Victimes d’un considérable déclin au cours de la dernière décennie, les marionnettistes ont abandonné les histoires traditionnelles et leur accompagnement musical au profit de contes nouvellement conçus et de musique populaire avec des percussions et des guitares.

Le théâtre d’ombres parlant lao (nang daloong), dans le nord-est de la Thaïlande, est comparable au nang talung du sud malais et à l’ayâng (sbaek touch) cambodgien. Les figures sont ordinairement opaques, et l’action est accompagnée par l’orgue à bouche (kaen).

Solutions contemporaines

Deux mouvements s’opposent dans la marionnette thaïlandaise. L’un mise sur la perpétuation des genres traditionnels. Des spectacles de nang yai sont donnés régulièrement au temple de Wat Khanon. La princesse Maha Chakri Sirindhorn a commandé, pour la troupe qui y officie, de nouvelles figures ; elle a aussi aidé des artistes comme Chakrabhand Posayakrit à restaurer le hun luang. Les étudiants en théâtre des universités Chulalongkorn et Thammasat, ainsi que les compagnies locales, se sont rassemblés lors du festival Asie-Europe de Marionnettes (1998) à Bangkok pour faire la preuve du travail de réanimation effectué sur le hun luang, le hun krabok et le hun lakon lek, et exposer le nang talung et le nang yai. Cette tendance mise sur la vitalité du nationalisme, de la monarchie et de la culture thaïlandaise face à la mondialisation.

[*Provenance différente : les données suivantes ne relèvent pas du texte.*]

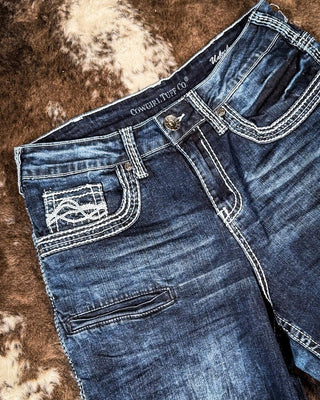 Cowgirl Tuff Unbroken Trouser Jeans – Apparel from Bronco Western Supply Co.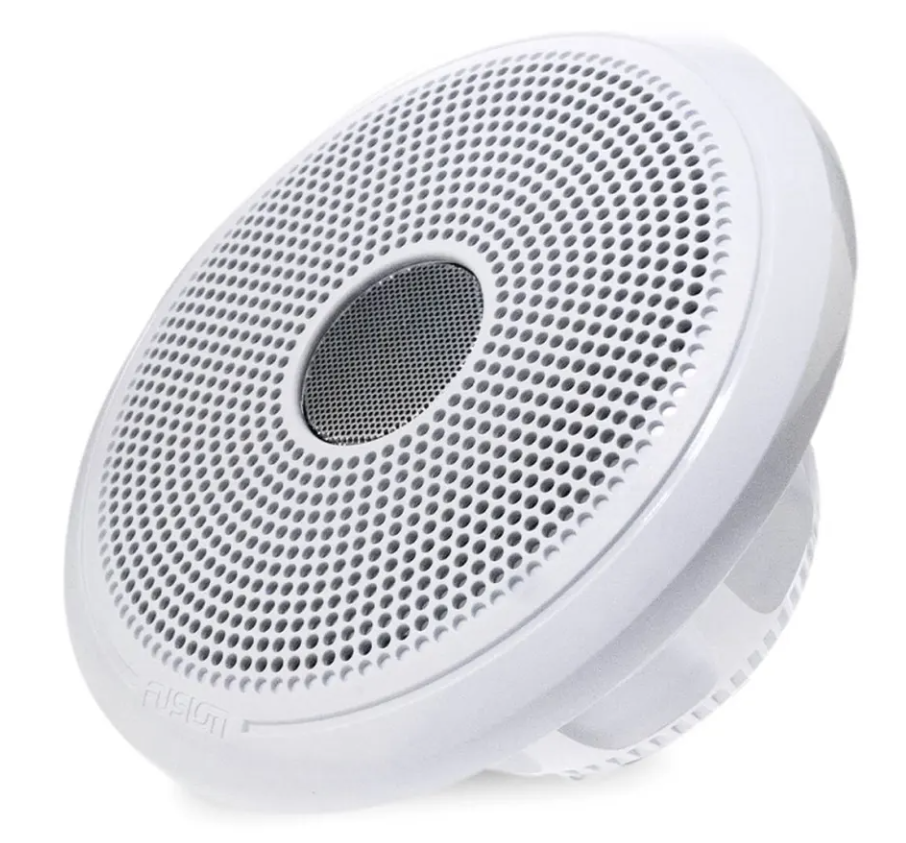Garmin Fusion 6.5" Marine Speakers with White/Black Grille 010-02196-00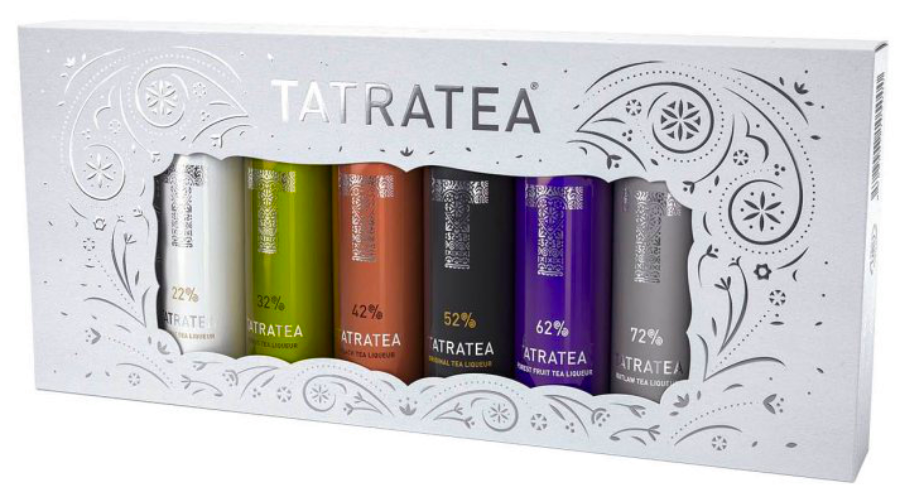 Tatratea 22%-72% 6 x 0,04 l (set)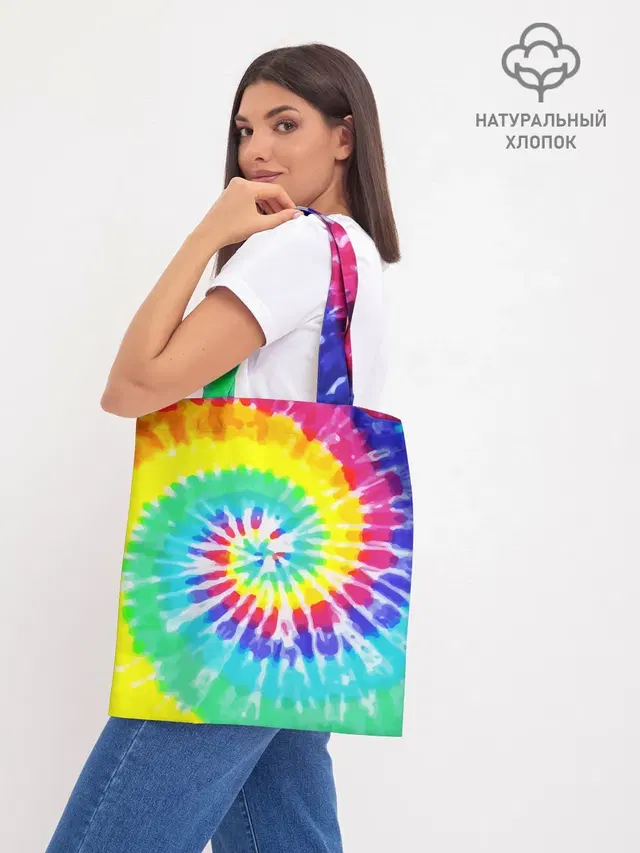 TIE-DYE СТЕНА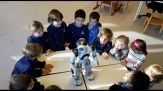 Un robot al nido per preparare i bambini a un futuro tech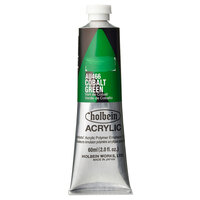 Holbein Heavy Body Acrylic 60ml - #466 Cobalt Green (Series E)                     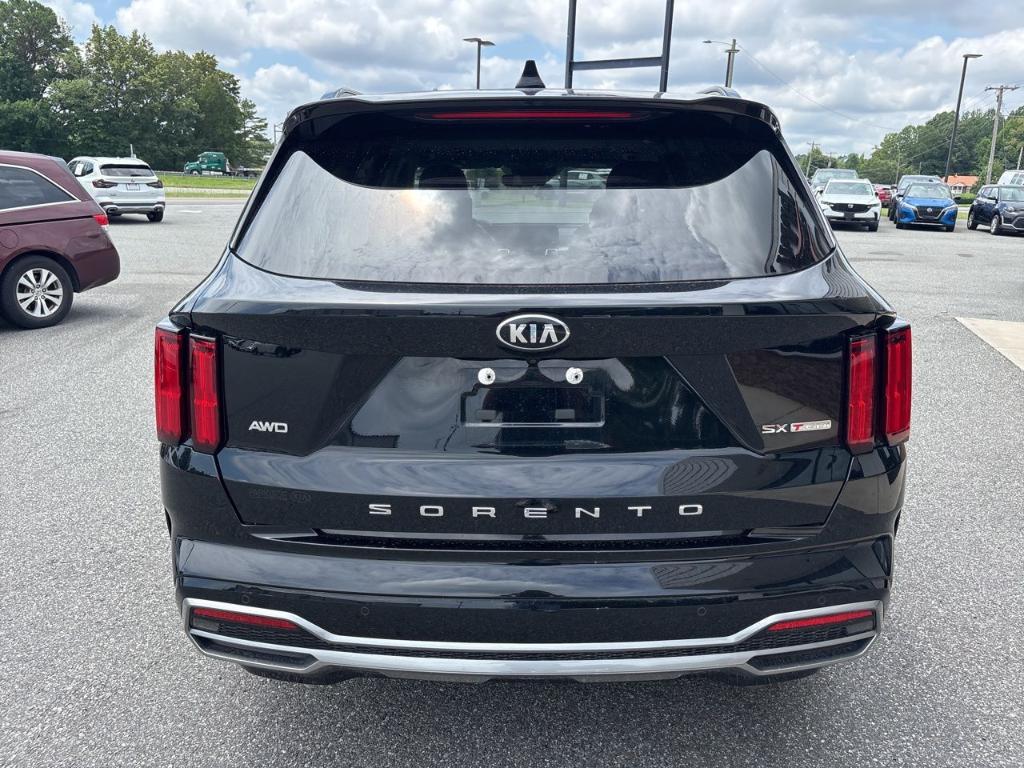 used 2021 Kia Sorento car, priced at $27,600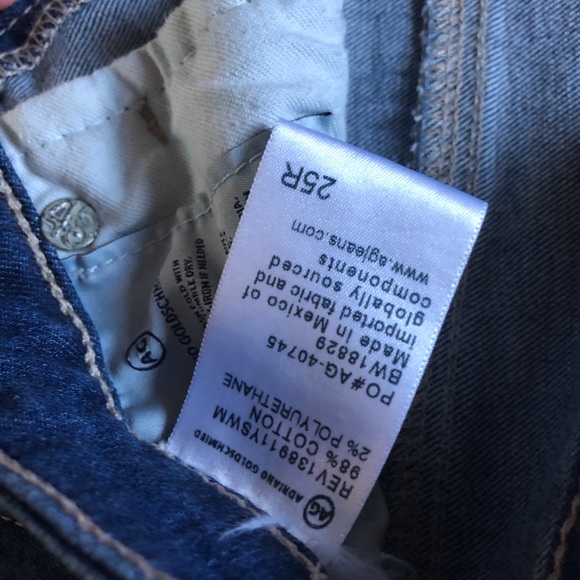 AG skinny ankle jeans - no rips - Picture 4 of 5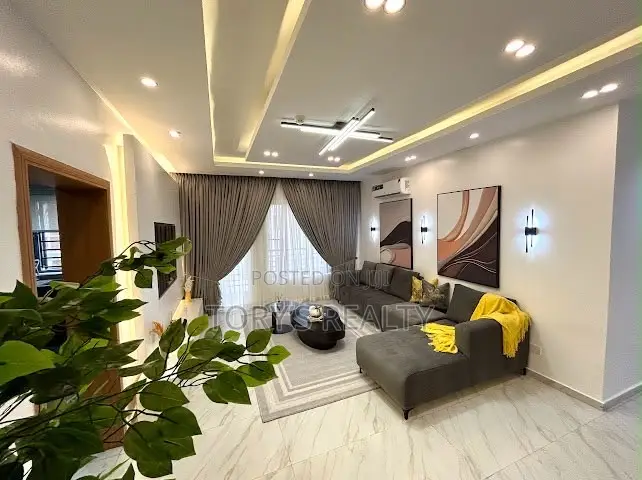 Furnished 3bdrm Apartment in Banana Island for rent
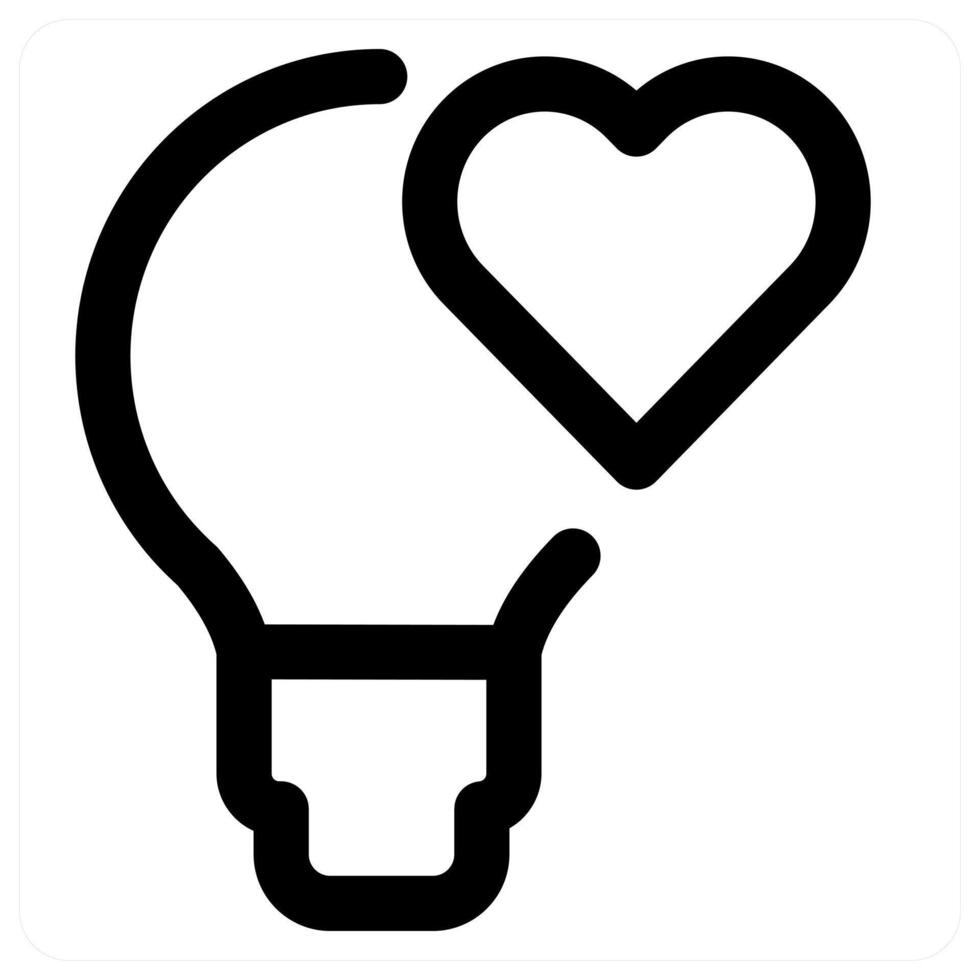 Favorite Idea and thought in black color vector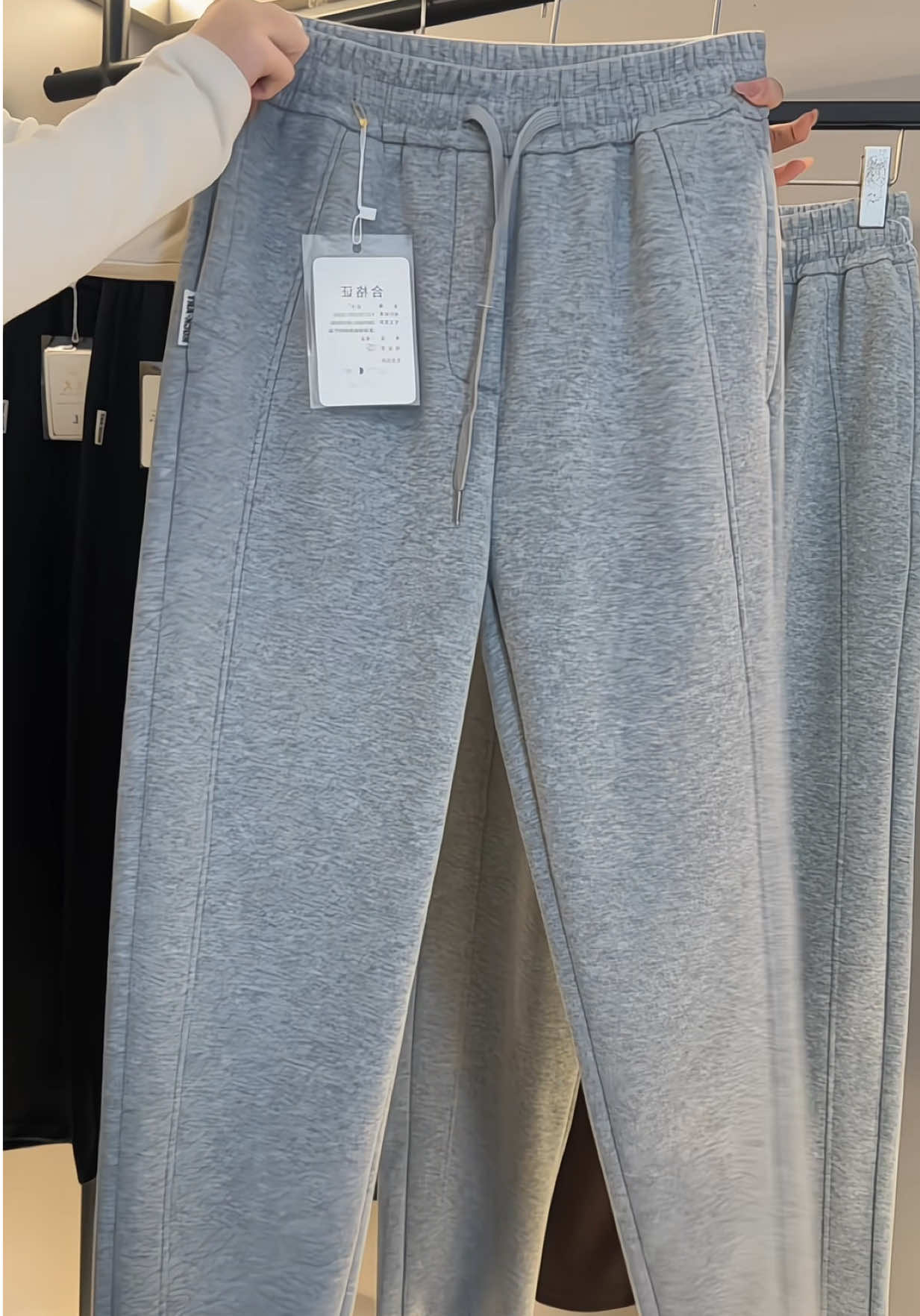 Quần Nỉ Baggy Nam nữ 2 Da Cao Cấp Mềm Mịn Form Hàn Quốc - M01 - Pants, Menswear Kem#quanni #quannam #thoitrangnu #hottrend #xuhuong 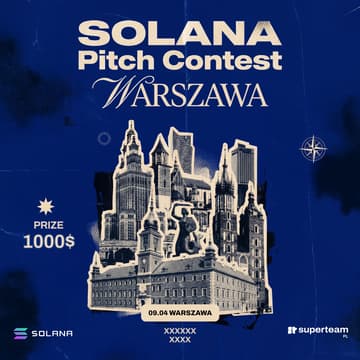 Cover Image for PITCH CONTEST WARSZAWA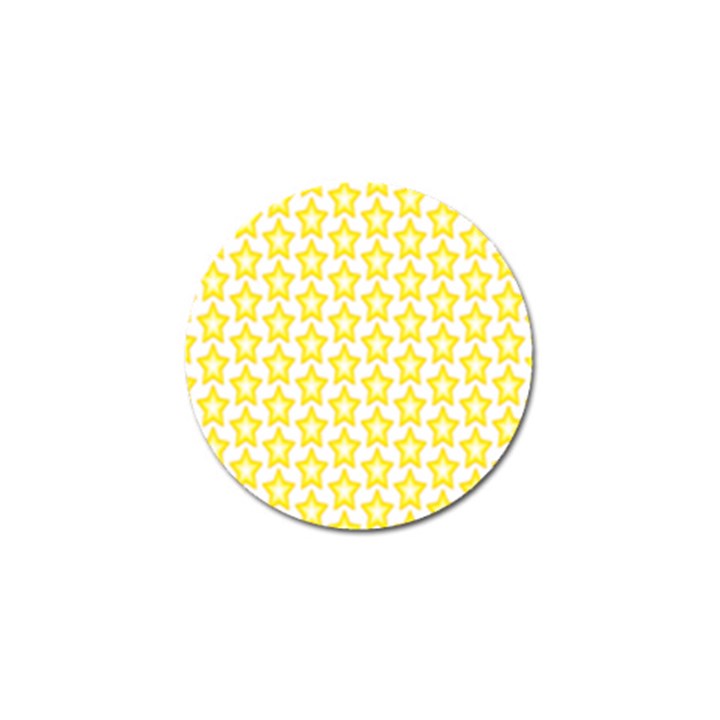 Yellow Orange Star Space Light Golf Ball Marker (10 pack)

D’autres artistes, cependant, ont perçu ce qu’apportait la mondialisation en termes d’innovation et d’instruction. Dès les années soixante-dix, les enseignants thaïlandais recouraient à la marionnette, en collaboration avec le département Théâtre de l’université Thammasat. Des professeurs formés en Amérique et en Europe acquéraient les techniques de la marionnette à gaine, à tiges ou à fils. Des campagnes antisidas et mettant les très jeunes filles en garde contre le tourisme sexuel ont été menées par des organisations non gouvernementales par l’intermédiaire de spectacles de marionnettes. Celles-ci ont animé, aussi, les programmes télévisés réalisés selon le modèle, rendu populaire par Jim Henson, de Sesame Street.

Les marionnettistes thaïlandais se considèrent à la fois comme les héritiers d’une prestigieuse tradition et comme les acteurs d’un art mondialisé. Le hun, le nang, les marionnettes de style « Muppets » et les marionnettes à fils sont désormais tous dans leurs mains.